Presiden Palestina Mahmoud Abbas menyebut eksodus pergerakan warga Palestina di Gaza saat ini menjadi ”Nakba kedua” bagi rakyat Palestina. Dalam pembicaraan via telepon dengan Perdana Menteri Kanada Justin Trudeu, Jumat (13/10/2023), ia juga menekankan pentingnya perlindungan bagi rakyat Palestina dan pembukaan koridor kemanusiaan ke Jalur Gaza.
Namun, di tengah gempuran tanpa henti oleh militer Israel, tak ada jalan bagi warga Palestina untuk keluar dari Gaza. Situasi ini berbeda dengan peristiwa Nakba tahun 1948. Ketika itu, 760.000 warga Palestina atau setara dengan setengah dari total penduduk Palestina terusir dari kampung halaman. Mereka mengungsi ke berbagai negara Arab, seperti Jordania, Lebanon, dan Suriah, selain mereka yang tinggal di Gaza dan Tepi Barat.

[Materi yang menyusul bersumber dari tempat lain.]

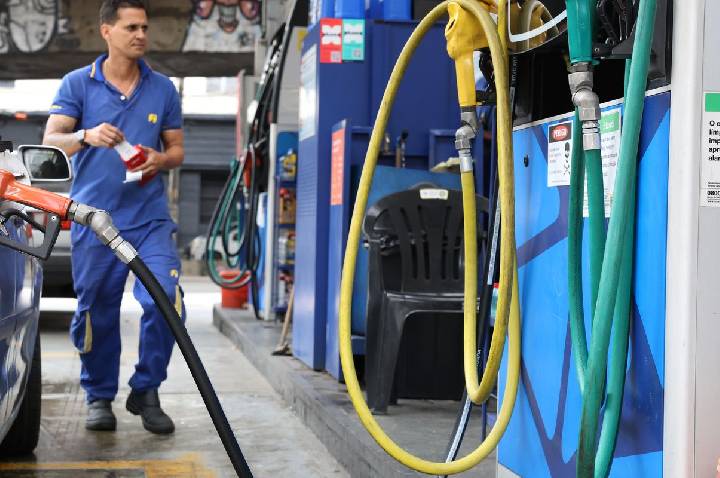 Subsídio de R$ 0,44 por litro da gasolina pode ser prorrogado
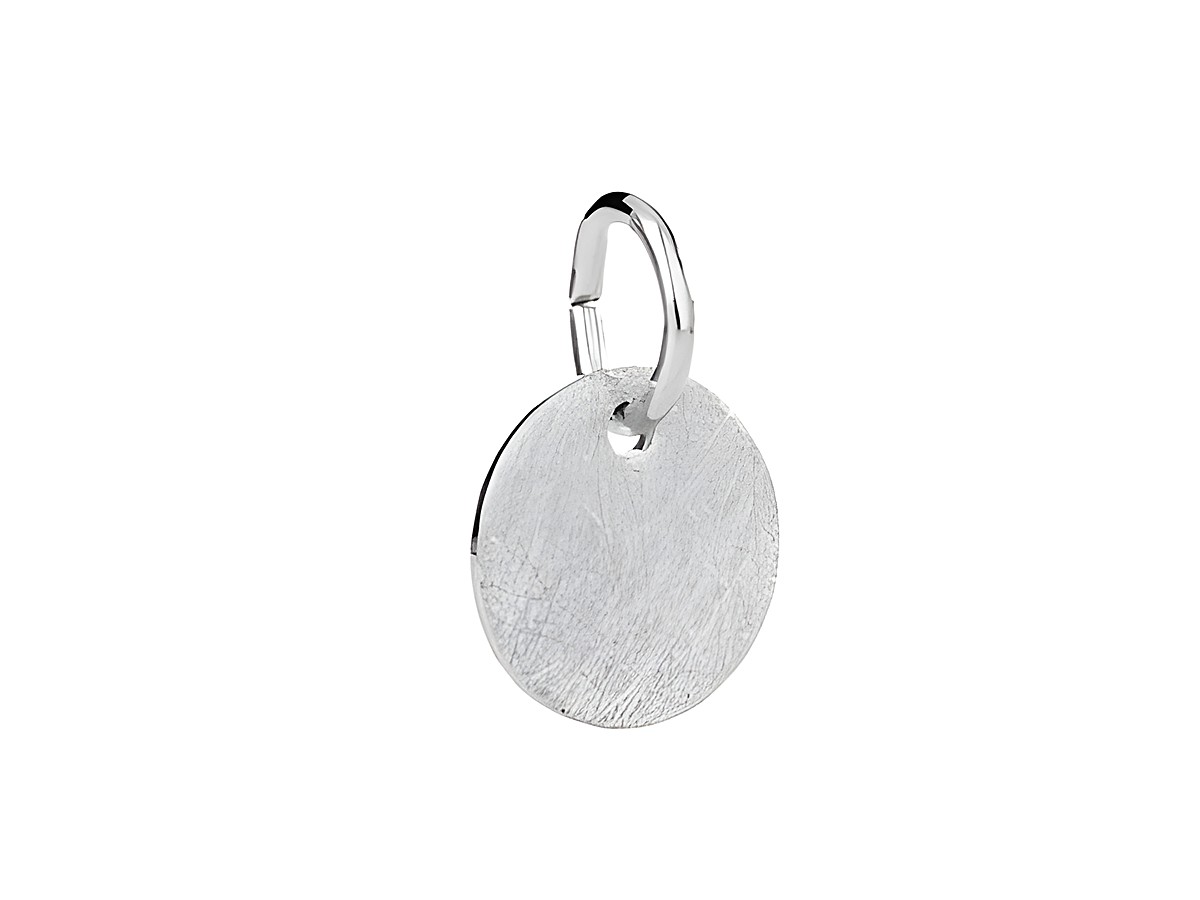 Runde Gravurplatte als Anhänger in klassischem Design, aus Silber und eismattiert, hergestellt von Juwelier Harnisch, schlicht und zeitlos, ideal für persönliche Gravuren.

Di negara-negara tujuan itu, warga Palestina tinggal di kemah-kemah pengungsian. Bahkan, status pengungsi itu terus disandang anak cucu mereka hingga hari ini. Eksodus warga Gaza pekan ini mengingatkan pada peristiwa Nakba, 75 tahun silam. Hanya, sampai saat ini belum ada kepastian ke mana mereka akan menemukan tempat yang aman. (AP/REUTERS)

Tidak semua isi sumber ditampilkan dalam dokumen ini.